Try it – Could you filter the records below down to the lines that include the word "Volvo"?
Start of Block
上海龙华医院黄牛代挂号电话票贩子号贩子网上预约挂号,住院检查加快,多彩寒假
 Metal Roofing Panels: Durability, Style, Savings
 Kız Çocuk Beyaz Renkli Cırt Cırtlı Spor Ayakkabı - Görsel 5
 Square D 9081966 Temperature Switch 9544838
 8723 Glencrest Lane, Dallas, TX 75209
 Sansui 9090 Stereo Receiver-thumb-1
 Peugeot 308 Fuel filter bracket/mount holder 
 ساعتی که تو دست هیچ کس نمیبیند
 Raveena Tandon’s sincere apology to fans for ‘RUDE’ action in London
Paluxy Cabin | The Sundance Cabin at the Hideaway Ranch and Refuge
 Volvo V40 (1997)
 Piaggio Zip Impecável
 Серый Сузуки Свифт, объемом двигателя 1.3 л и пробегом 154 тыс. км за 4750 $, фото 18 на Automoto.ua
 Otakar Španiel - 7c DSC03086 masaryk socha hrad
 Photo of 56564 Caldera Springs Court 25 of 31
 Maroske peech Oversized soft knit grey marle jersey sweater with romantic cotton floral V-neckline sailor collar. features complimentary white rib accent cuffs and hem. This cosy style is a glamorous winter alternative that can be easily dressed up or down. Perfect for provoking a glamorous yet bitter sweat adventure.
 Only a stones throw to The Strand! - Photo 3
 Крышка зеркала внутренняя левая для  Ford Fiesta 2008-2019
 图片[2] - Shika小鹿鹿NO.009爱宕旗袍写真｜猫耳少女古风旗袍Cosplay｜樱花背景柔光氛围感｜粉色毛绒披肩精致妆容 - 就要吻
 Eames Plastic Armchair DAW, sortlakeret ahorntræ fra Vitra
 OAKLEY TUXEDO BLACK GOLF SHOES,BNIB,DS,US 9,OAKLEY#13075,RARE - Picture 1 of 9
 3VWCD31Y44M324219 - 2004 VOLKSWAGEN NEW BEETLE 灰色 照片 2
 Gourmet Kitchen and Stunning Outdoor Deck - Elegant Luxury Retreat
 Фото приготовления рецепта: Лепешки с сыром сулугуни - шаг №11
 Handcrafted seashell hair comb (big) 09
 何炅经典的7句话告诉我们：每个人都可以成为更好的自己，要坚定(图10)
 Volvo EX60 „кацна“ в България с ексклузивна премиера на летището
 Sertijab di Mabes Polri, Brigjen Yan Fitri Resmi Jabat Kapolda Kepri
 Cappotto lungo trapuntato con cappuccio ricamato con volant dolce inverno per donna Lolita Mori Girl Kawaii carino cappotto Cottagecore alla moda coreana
End of Block
Task answer –
 Volvo V40 (1997)
 Volvo EX60 „кацна“ в България с ексклузивна премиера на летището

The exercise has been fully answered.